• Aim of the exercise: Starting at the top of the entries below, print each line exactly until the line with "Leitz Active Wobble" has been printed too.

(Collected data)
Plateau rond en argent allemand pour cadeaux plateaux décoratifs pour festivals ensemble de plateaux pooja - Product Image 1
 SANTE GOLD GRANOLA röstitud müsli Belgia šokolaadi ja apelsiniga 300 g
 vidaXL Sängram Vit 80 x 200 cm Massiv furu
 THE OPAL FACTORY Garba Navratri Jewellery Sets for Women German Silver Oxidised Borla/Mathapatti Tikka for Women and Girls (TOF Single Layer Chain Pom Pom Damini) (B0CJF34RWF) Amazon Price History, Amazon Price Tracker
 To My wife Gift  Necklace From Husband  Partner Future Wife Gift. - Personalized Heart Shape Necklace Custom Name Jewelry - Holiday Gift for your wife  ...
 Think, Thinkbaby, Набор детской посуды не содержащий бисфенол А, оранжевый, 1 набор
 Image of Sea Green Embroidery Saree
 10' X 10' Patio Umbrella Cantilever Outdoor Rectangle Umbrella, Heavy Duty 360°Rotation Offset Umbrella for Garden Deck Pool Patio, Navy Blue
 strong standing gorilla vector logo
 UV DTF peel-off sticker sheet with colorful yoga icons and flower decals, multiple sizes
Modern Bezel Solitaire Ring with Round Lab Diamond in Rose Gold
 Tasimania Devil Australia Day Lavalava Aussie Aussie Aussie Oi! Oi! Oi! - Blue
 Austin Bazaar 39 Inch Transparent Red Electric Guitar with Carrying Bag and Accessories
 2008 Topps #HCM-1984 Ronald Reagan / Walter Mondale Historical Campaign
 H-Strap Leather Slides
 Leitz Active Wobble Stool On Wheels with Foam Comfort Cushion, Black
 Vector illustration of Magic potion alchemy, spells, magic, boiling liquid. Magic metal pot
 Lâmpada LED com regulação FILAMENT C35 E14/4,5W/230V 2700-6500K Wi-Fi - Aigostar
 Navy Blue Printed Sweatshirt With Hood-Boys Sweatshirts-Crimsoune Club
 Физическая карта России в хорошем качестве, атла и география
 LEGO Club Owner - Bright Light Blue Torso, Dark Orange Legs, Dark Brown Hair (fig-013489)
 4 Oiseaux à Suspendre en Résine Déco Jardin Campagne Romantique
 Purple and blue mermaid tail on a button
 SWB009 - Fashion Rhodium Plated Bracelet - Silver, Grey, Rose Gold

• Result below:
Plateau rond en argent allemand pour cadeaux plateaux décoratifs pour festivals ensemble de plateaux pooja - Product Image 1
 SANTE GOLD GRANOLA röstitud müsli Belgia šokolaadi ja apelsiniga 300 g
 vidaXL Sängram Vit 80 x 200 cm Massiv furu
 THE OPAL FACTORY Garba Navratri Jewellery Sets for Women German Silver Oxidised Borla/Mathapatti Tikka for Women and Girls (TOF Single Layer Chain Pom Pom Damini) (B0CJF34RWF) Amazon Price History, Amazon Price Tracker
 To My wife Gift  Necklace From Husband  Partner Future Wife Gift. - Personalized Heart Shape Necklace Custom Name Jewelry - Holiday Gift for your wife  ...
 Think, Thinkbaby, Набор детской посуды не содержащий бисфенол А, оранжевый, 1 набор
 Image of Sea Green Embroidery Saree
 10' X 10' Patio Umbrella Cantilever Outdoor Rectangle Umbrella, Heavy Duty 360°Rotation Offset Umbrella for Garden Deck Pool Patio, Navy Blue
 strong standing gorilla vector logo
 UV DTF peel-off sticker sheet with colorful yoga icons and flower decals, multiple sizes
Modern Bezel Solitaire Ring with Round Lab Diamond in Rose Gold
 Tasimania Devil Australia Day Lavalava Aussie Aussie Aussie Oi! Oi! Oi! - Blue
 Austin Bazaar 39 Inch Transparent Red Electric Guitar with Carrying Bag and Accessories
 2008 Topps #HCM-1984 Ronald Reagan / Walter Mondale Historical Campaign
 H-Strap Leather Slides
 Leitz Active Wobble Stool On Wheels with Foam Comfort Cushion, Black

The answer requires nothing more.